Scikit-longitudinal (Sklong) is a machine learning library designed to analyse
longitudinal data (Classification tasks focussed as of today). It offers tools and models for processing, analysing,
and predicting longitudinal data, with a user-friendly interface that
integrates with the Scikit-learn ecosystem.
Wait, what is Longitudinal Data — In layman's terms ?
Longitudinal data is a "time-lapse" snapshot of the same subject, entity, or group tracked over time-periods, similar to checking in on patients to see how they change. For instance, doctors may monitor a patient's blood pressure, weight, and cholesterol every year for a decade to identify health trends or risk factors.

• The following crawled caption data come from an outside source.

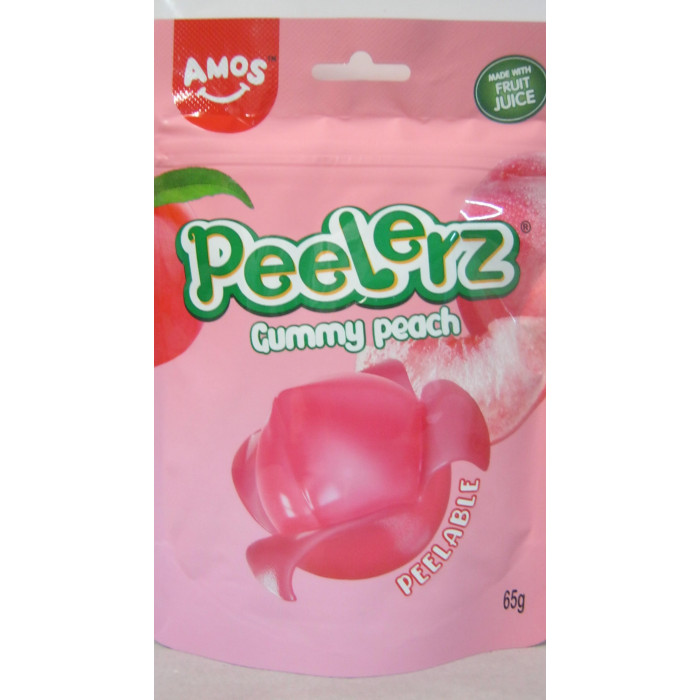 Gumicukor 65G Peach Amos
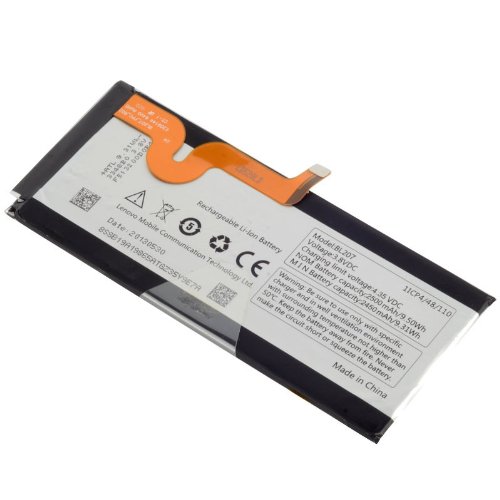 2450mAh Lenovo K100 K900 BL207 Original Batterier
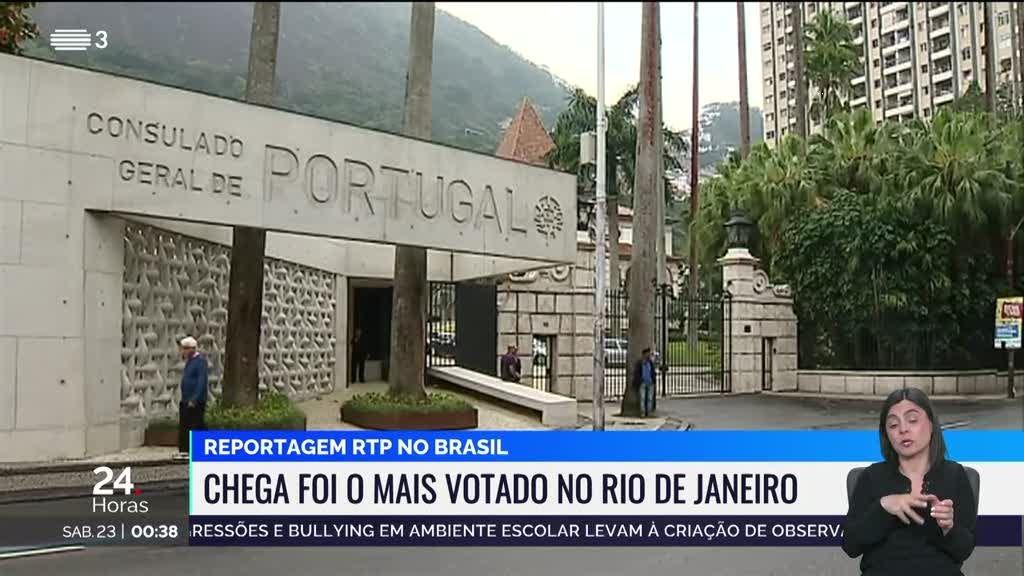 Partido Chega foi o mais votado no Rio de Janeiro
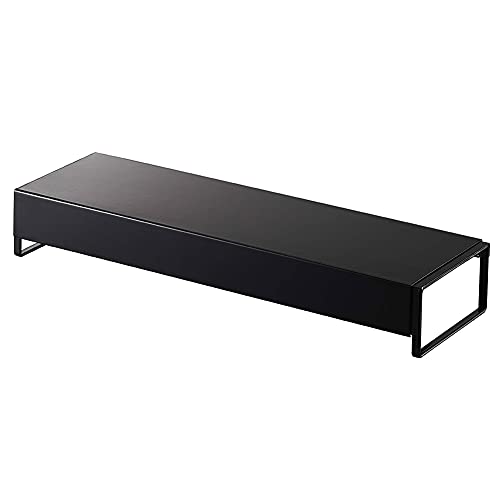 Yamazaki 5249 TOWER Extendable Vent Cover, black, Steel, 46~82 x 14 x 6.7 cm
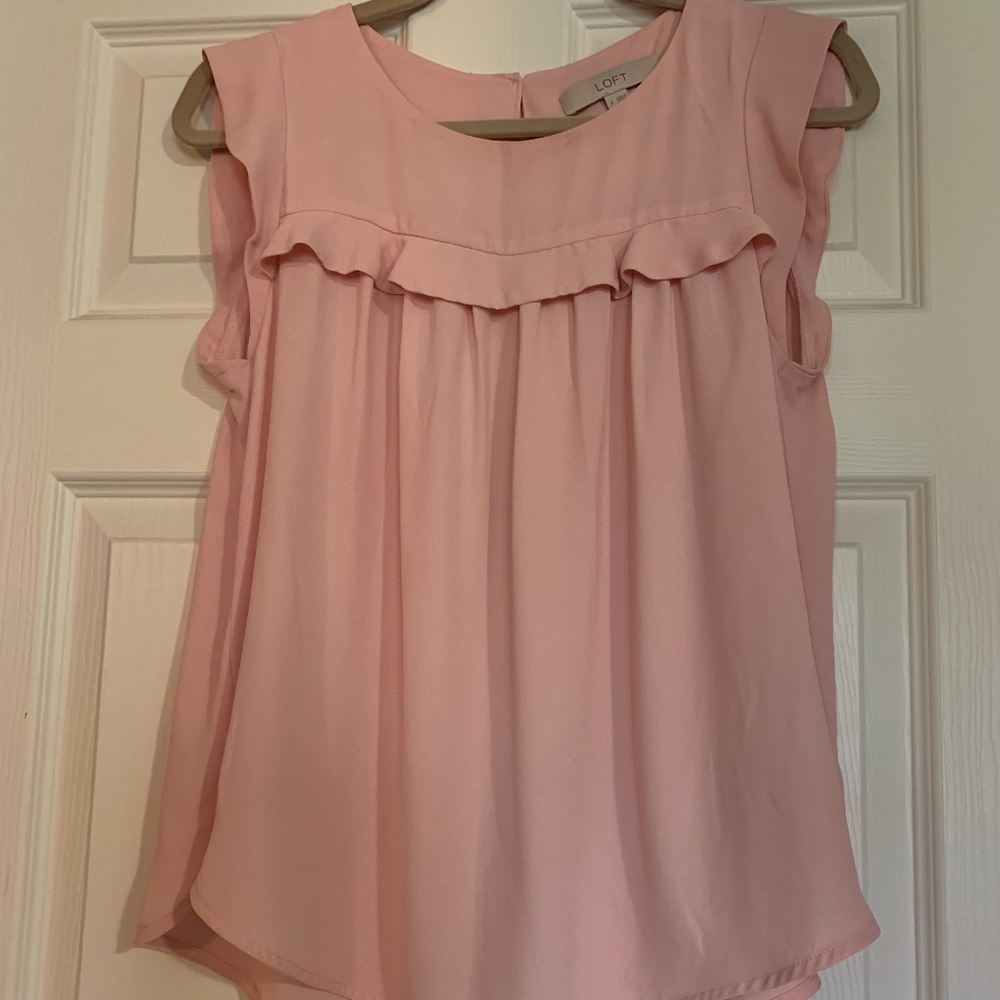 Loft Sleeveless Blouse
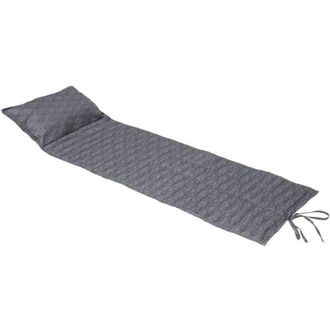 Hesperide Cuscino per sdraio avvolgibile adiya in ardesia 180x60cm in poliestere - Hesp&eacute;ride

This data is more useful for predicting future results than a one-time survey because it captures evolution, patterns, and cause-effect throughout time.
Not enough?
- For more scientific details, you can refer to our paper published in the Journal of Open Source Software (JOSS).
- For more technical details, visit the official documentation.
Note
Want to be using Jupyter Notebook, Marimo, Google Colab, or JupyterLab?

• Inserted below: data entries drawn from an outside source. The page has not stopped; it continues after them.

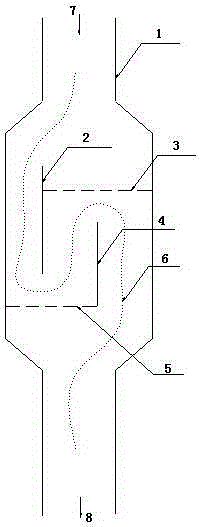 Fish-passing type sedimentation filtering basin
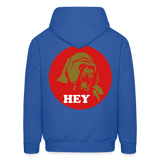 HEY Hoodie - royal blue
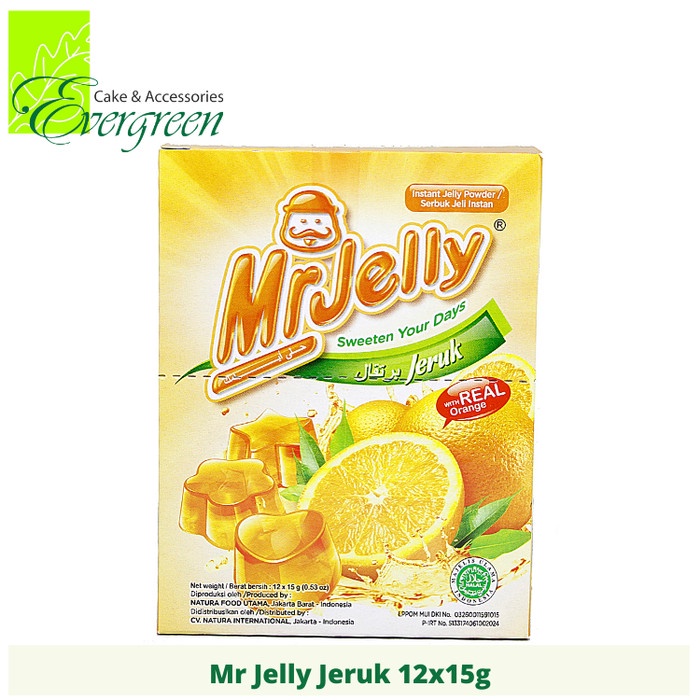 

Mr Jelly Jeruk 12x15g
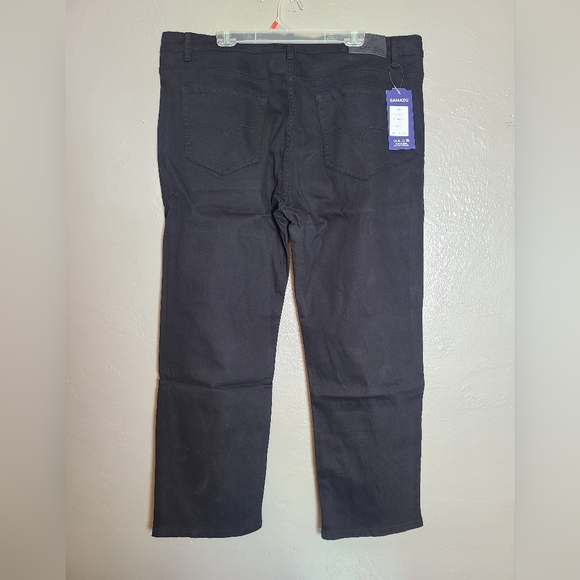 Gaiakou Men's Black Jeans NWT Size 42 Cotton And Spandex - Picture 3 of 12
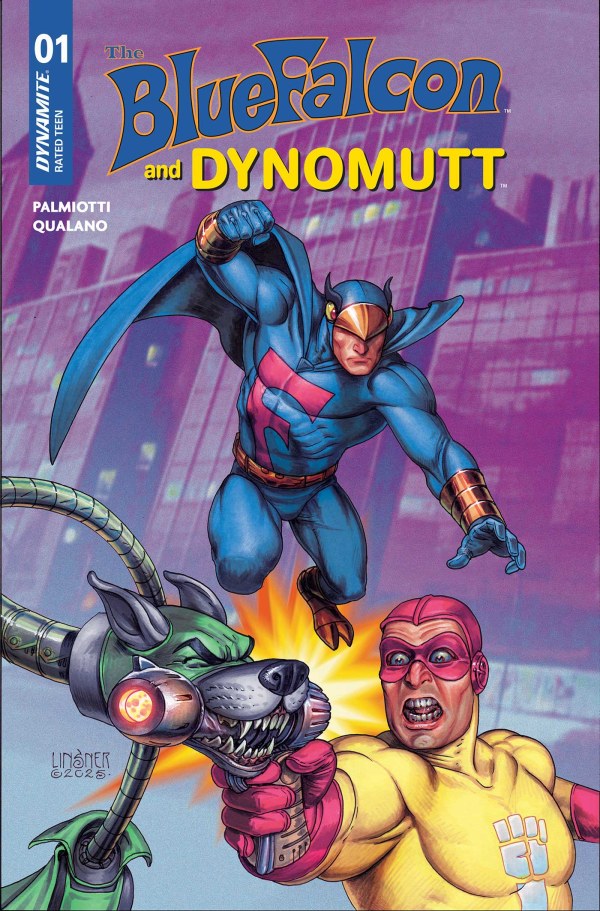 The Blue Falcon and Dynomutt #1 Cover S 1:7 Joseph Michael Linsner Foil Variant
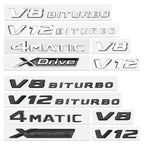 ABS logo glossy black car sticker badge sticker body luggage decoration BMW M logo 420i 428i 425d 435d 630i 650i 630d 640d 650d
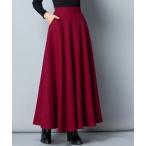 スカート Aラインフレアロングスカート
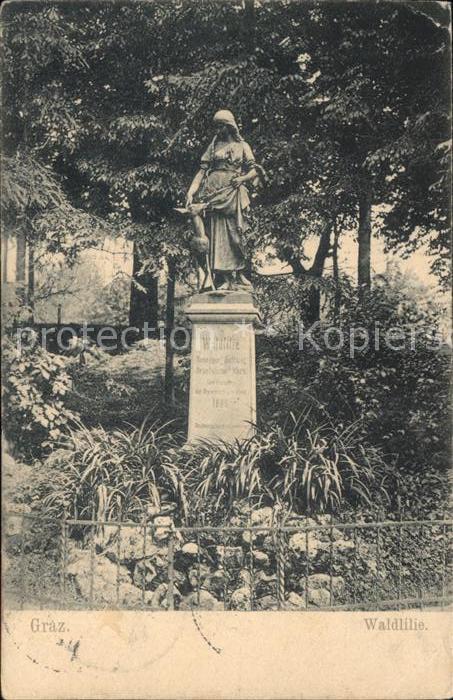Graz Steiermark Waldlilie Denkmal im Stadtpark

Head to the Getting Started section of the documentation, we explain it all! 🎉
Additionally, note that Scikit-longitudinal works on Python 3.10+ to 3.13.

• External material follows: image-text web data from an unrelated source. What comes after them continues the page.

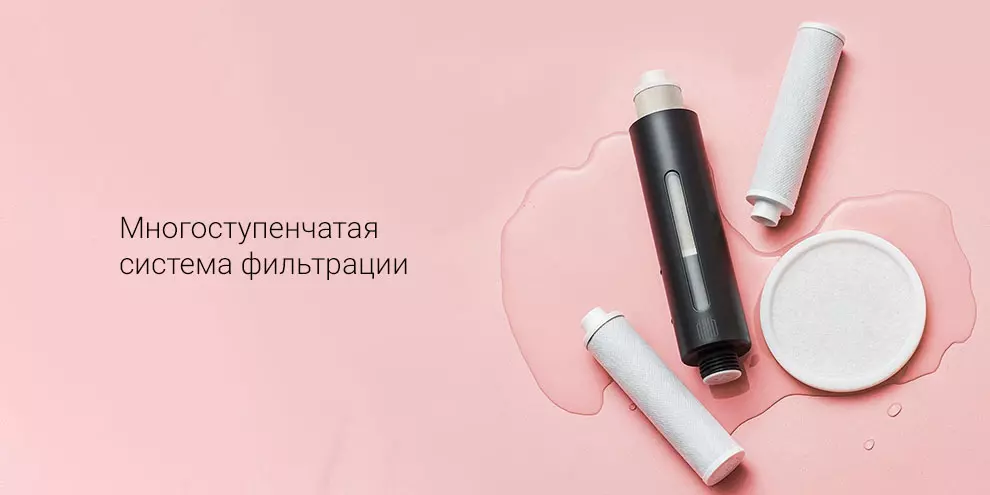 Насадка- лейка для душа Xiaomi Dabai (DXHS004-5) (в подарочной упаковке+ сменный фильтр 2 шт) - фото 2 Насадка- лейка для душа Xiaomi Dabai (DXHS004-5) (в подарочной упаковке+ сменный фильтр 2 шт) - фото 2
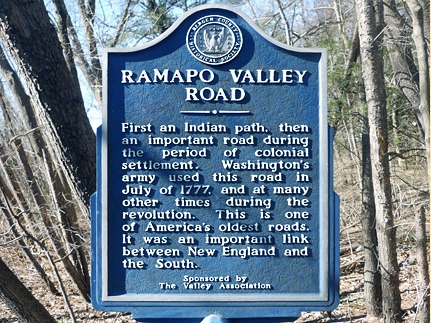 Ramapo Valley Road Historical Marker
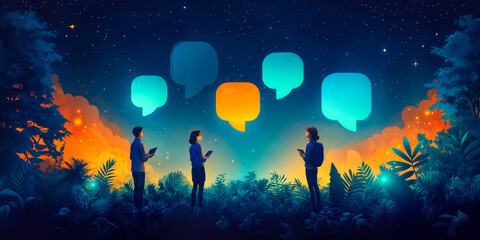 Obraz premium Context-Aware Translation in Digital Communication: Understanding Cultural and Contextual Cues for Enhanced Engagement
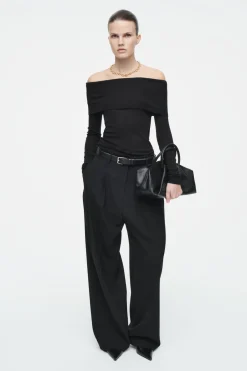 COS OFF-THE-SHOULDER MERINO WOOL TOP-Women Tops | Sweaters & Cardigans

To install Scikit-longitudinal:
-
✅ Install the latest version:
pip install Scikit-longitudinal
To install a specific version:
pip install Scikit-longitudinal==0.1.0
Need Ray-backed parallelism? Install the optional extra:
pip install Scikit-longitudinal[parallelisation]Parallel features automatically prompt you to install this extra when missing.
Here's how to analyse longitudinal data with Scikit-longitudinal:
from scikit_longitudinal.data_preparation import LongitudinalDataset
from scikit_longitudinal.estimators.ensemble.lexicographical.lexico_gradient_boosting import LexicoGradientBoostingClassifier
dataset = LongitudinalDataset('./stroke.csv') # Note this is a fictional dataset. Use yours!
dataset.load_data_target_train_test_split(
target_column="class_stroke_wave_4",
)
# Pre-set or manually set your temporal dependencies
dataset.setup_features_group(input_data="elsa")
model = LexicoGradientBoostingClassifier(
features_group=dataset.feature_groups(),
threshold_gain=0.00015 # Refer to the API for more hyper-parameters and their meaning
)
model.fit(dataset.X_train, dataset.y_train)
y_pred = model.predict(dataset.X_test)
# Classification report
print(classification_report(y_test, y_pred))If you use Sklong in your research, please cite our paper:
@article{Provost2025,
doi = {10.21105/joss.08481},
url = {https://doi.org/10.21105/joss.08481},
year = {2025},
publisher = {The Open Journal},
volume = {10},
number = {112},
pages = {8481},
author = {Provost, Simon and Freitas, Alex A.},
title = {Scikit-Longitudinal: A Machine Learning Library for Longitudinal Classification in Python},
journal = {Journal of Open Source Software}
}Scikit-longitudinal is licensed under the MIT License.